* Your objective:
Output every line of the entries from the line containing "Outlet WOOOD Vogue" through the last, exactly, with no other content.

── Entries provided

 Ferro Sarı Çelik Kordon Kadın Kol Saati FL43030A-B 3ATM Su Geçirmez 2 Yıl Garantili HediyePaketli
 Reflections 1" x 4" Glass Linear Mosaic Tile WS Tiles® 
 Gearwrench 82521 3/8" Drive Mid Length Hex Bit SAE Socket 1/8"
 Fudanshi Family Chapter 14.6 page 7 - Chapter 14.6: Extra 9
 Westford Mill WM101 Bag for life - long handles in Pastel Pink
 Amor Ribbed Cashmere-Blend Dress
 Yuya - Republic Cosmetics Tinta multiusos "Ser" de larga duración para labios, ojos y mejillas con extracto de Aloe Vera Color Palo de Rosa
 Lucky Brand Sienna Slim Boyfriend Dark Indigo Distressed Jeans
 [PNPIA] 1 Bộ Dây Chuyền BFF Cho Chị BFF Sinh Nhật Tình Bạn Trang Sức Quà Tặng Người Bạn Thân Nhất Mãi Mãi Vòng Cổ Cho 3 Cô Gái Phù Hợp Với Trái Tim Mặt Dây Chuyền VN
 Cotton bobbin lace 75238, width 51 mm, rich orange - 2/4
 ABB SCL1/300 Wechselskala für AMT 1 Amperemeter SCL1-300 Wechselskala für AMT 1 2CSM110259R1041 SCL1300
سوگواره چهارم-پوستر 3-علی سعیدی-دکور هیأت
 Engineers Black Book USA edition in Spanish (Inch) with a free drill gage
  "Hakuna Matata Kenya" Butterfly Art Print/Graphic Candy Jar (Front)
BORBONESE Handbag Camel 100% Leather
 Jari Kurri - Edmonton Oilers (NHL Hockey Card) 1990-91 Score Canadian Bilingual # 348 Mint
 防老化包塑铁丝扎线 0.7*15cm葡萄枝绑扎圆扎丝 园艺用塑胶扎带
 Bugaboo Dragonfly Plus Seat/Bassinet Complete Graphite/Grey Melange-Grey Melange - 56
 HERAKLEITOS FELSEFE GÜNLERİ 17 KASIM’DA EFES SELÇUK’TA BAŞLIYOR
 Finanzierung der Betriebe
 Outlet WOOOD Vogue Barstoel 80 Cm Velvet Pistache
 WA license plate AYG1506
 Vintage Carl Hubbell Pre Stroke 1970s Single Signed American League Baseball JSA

────

* Worked solution:
 Outlet WOOOD Vogue Barstoel 80 Cm Velvet Pistache
 WA license plate AYG1506
 Vintage Carl Hubbell Pre Stroke 1970s Single Signed American League Baseball JSA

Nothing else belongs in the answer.